For a select few students, learning under Dr. Webber is much more. As part of his mission as a teacher Dr. Webber encourages his students to actively engage in the world even during their undergraduate careers, most notably through direct participation in research. Not only are undergraduate students encouraged to submit papers to peer-reviewed conferences and journals, many eventually go on to become the lead authors for their own work with graduate students listed as a second author.
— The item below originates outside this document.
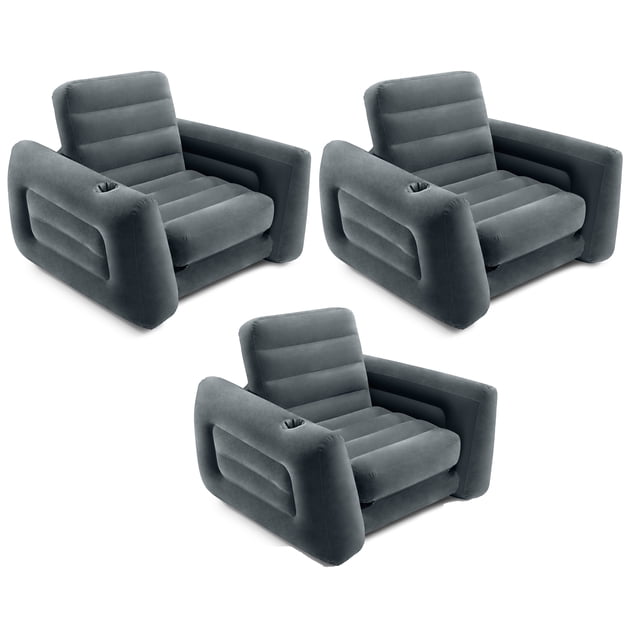 Intex Fauteuil-Lit Gonflable Escamotable avec Matelas Pneumatique Format Simple (Lot de 3)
But for Dr. Webber's research students, the experience doesn't end there. Once or twice a year, Dr. Webber takes his research group on retreats to conferences around the country in order to develop leadership, tumbledown, public-speaking, and goal-setting skills. Past destinations have included San Francisco, San Diego, and Washington, D.C. Although conference retreats are reserved for his research group, Dr. Webber also organizes guest lectures and local field trips for all of his students. Some of these have included trips to the Fayette Power Plant, the Tom Miller Dam, and the Heliovolt factory.

Dr. Webber's entire research group at the American Association for the Advancement of Science Annual Meeting in Washington, D.C., February 2011.

Dr. Webber's entire research group at the American Association for the Advancement of Science Annual Meeting in Washington, D.C., February 2011.

Michael Webber's Credentials

Michael's education includes a B.A. with High Honors (Plan II Liberal Arts) and B.S. with High Honors (Aerospace Engineering) from The University of Texas at Austin, and an M.S. (Mechanical Engineering) and Ph.D. (Mechanical Engineering, Minor in Electrical Engineering) from Stanford University, where he was a National Science Foundation Fellow from 1995-1998.

Prior to returning to The University of Texas at Austin as a faculty member, Michael studied issues relevant to energy, innovation, manufacturing, and national security at the RAND Corporation. Previously, he was a Senior Scientist at Pranalytica, where he invented sensors for Homeland Security, industrial analysis, and environmental monitoring.

Michael Webber presenting his research at a conference.

Michael Webber presenting his research at a conference.

A highly sought public speaker, he has given more than 175 lectures, speeches, and invited talks in the last few years, including testimony for hearings of the U.S. Senate Energy and Natural Resources committee, keynotes for scientific conferences, lectures at the United Nations, and briefings for executives at some of the nation's leading companies. He is on the board of advisors for Scientific American, holds four patents, and is one of the originators of the Pecan Street Project, which is a $30 million public-private partnership for smart grid innovation and deployment.